Weekly Pricing Pulse: Weak macro-data takes the wind out of commodity prices
After rising for six straight weeks since late-December, the IHS Markit Materials Price Index (MPI) dipped 1.0% w/w, with eight of the index's ten components falling. Commodity trading was quiet, with Asian markets only slowly returning to normal after the extended Lunar New Year holiday.
Oil and Rubber were the week's only winners rising, 1.9% and 1.5%, respectively. Oil was buoyed by Saudi and Russian supply cuts, although gains were tempered by persistently strong US oil production. Chemicals diverged from oil prices last week, falling 4.0%, as high inventory levels and seasonally weak demand continue to play on prices. Non-ferrous metals prices fell -1.7% on trade and economic concerns. All metals in the complex retreated save tin, which now seems to be the focus of electric vehicle hype among investors, supplanting cobalt. After gaining 17% in recent weeks, iron ore prices fell last week as markets weighed on market fundamentals, i.e. that Chinese steel demand, given production restrictions, is not booming, Chinese margins are wafer-thin and the value chain is well stocked with ore. Therefore, despite ferrous scrap prices ticking up last week, the MPI's Ferrous subcomponent fell 0.3% w/w.
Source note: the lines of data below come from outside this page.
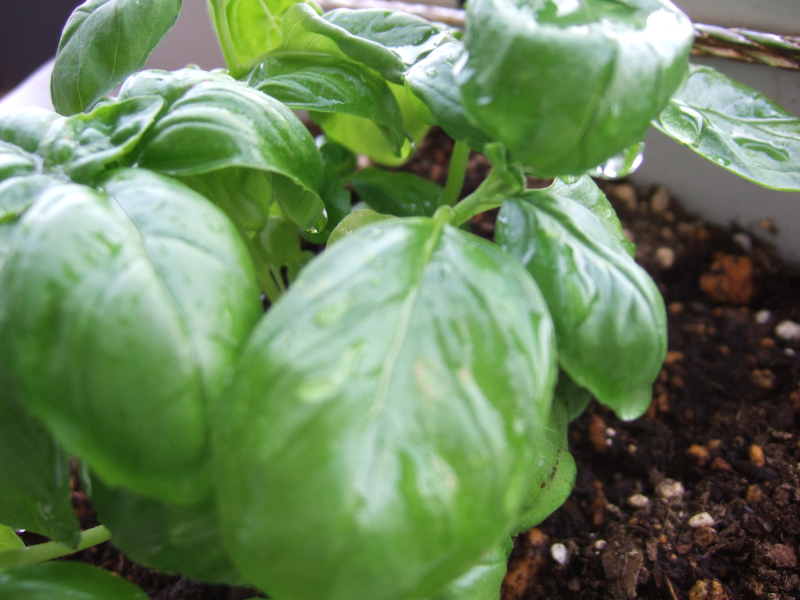 110517 Basil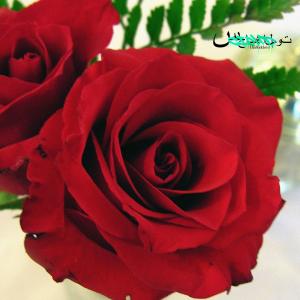 ดาวน์โหลดและฟังเพลง fancy พร้อมเนื้อเพลงจาก thatkidcloud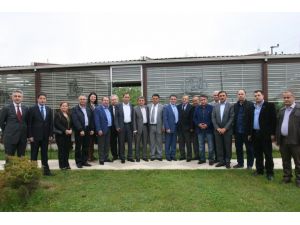 Fındıkta 2015 Zor Yıl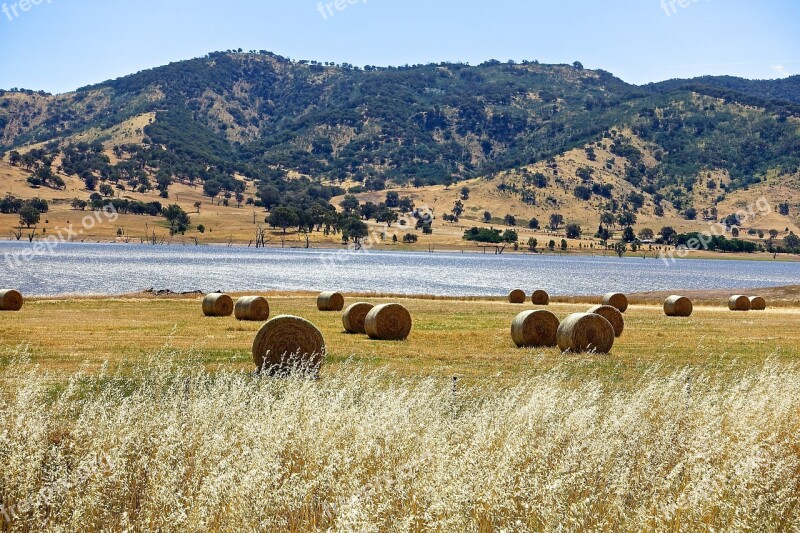 Hay Bales Harvest Hay Agriculture Bale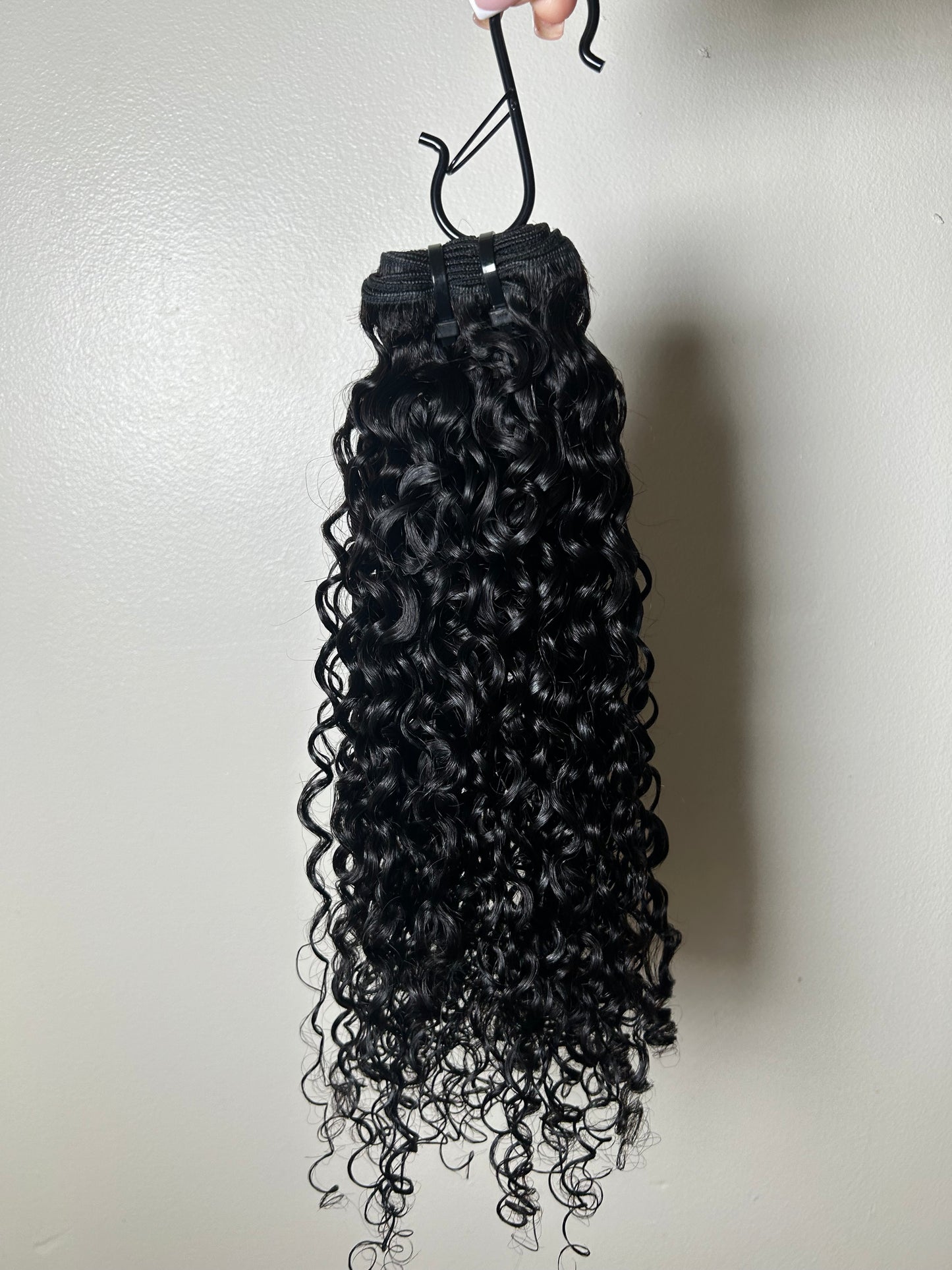 Burmese Fiji Curl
Collectively, data from last week underlined the fragile state of the global economy. US retail sales fell 1.2% in December, a bigger fall than most analysts had been expecting, while US industrial production sank 0.6% in January. Poor US data bookended disappointing German GDP data for the fourth quarter that showed the economy barely avoided a recession. In China, the producer price index edged up by just 0.1% in January, continuing the deceleration in goods price inflation and highlighting a general softness in the country's manufacturing sector.
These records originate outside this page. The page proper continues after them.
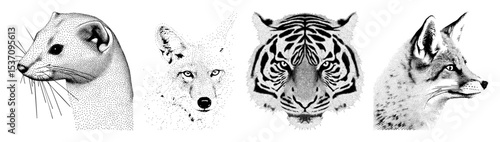 Vector Detailed stippled illustrations of a ferret wolf tiger and fox heads.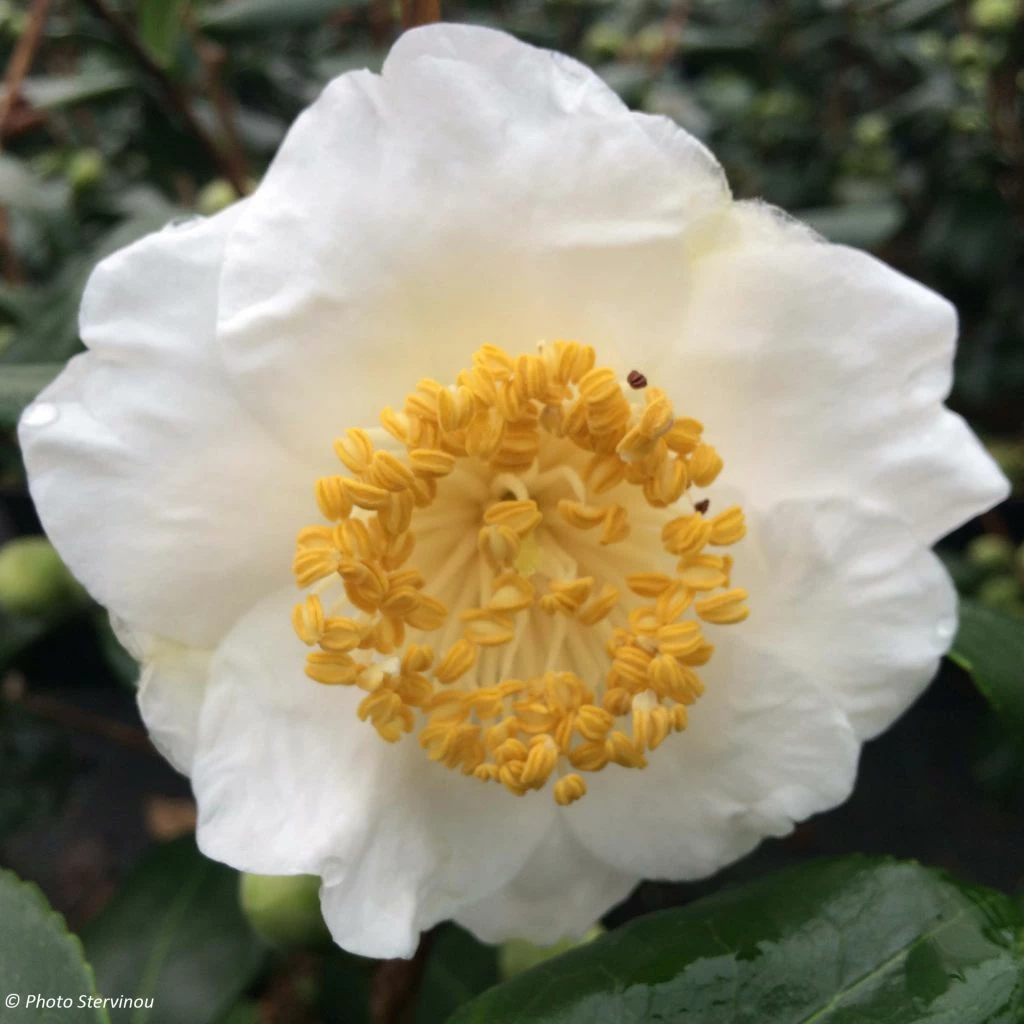 Camelia Fuji - Camellia Japonica De Higo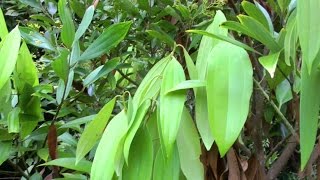 The Cinnamon Tree  Cinnamomum verum  HD Video [upl. by Debbie]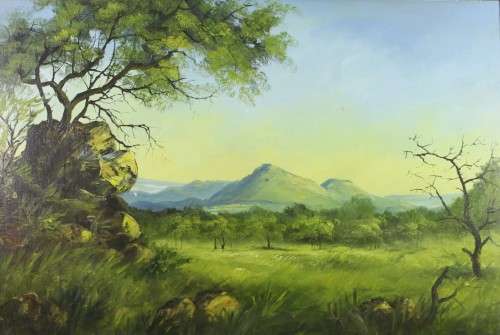 V Brits - Landscape - A lovely painting! - Low price! - Bid now!!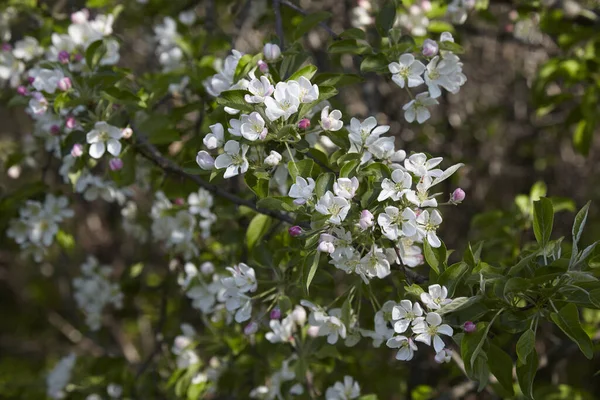 Apple blossoms in the spring sunshine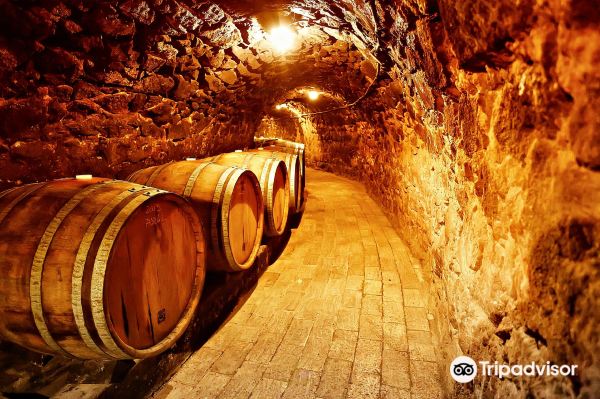 Tokaj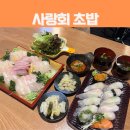 용산-275 | 서울 용산 일식 신상 맛집 신선하고 가성비 퀄리티 좋은 사랑회초밥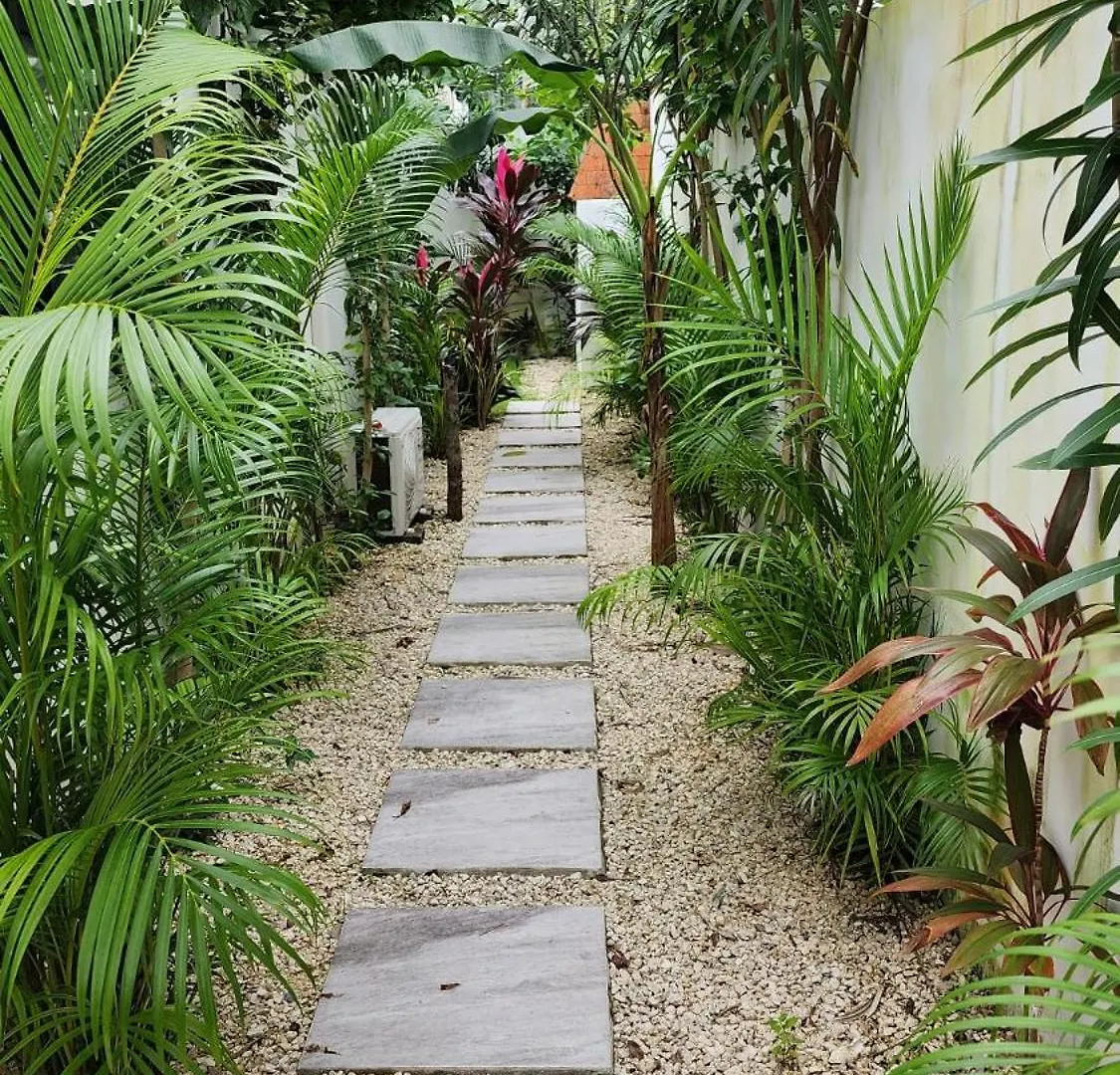 Luxury Vacation Villa Near The Caribbean Ocean Playa del Carmen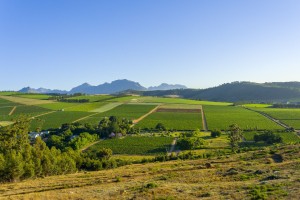 Wineland views as you hike to the top.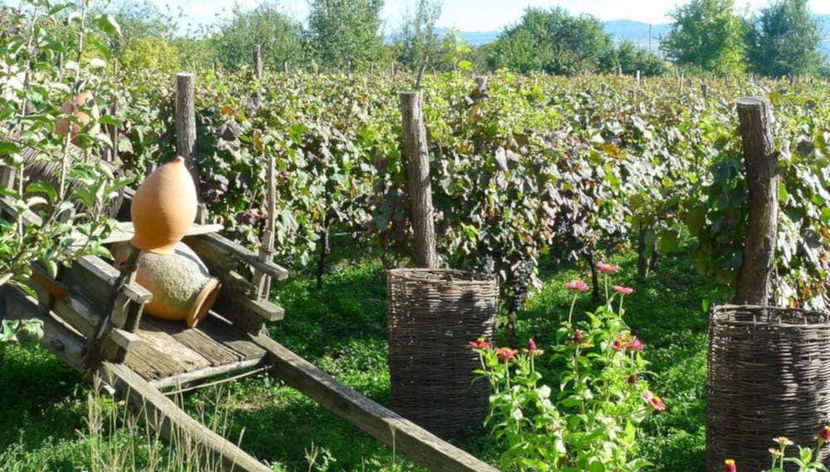 Kakheti vines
The good news for the week centered on trade and the on-going US-China trade negotiations, where progress was made toward a memorandum of understanding that could serve as a basis for a formal agreement. Markets will remain focused on trade with the pending delivery of the US Commerce Department's report on its Section 232 investigation into US imports of motor vehicles and automotive parts. The investigation was launched in May of last year and by law must be delivered within 270 days, placing the deadline in mid-February. Depending on the report's conclusion, markets will either be calmed or worried about a new front opening in the trade war.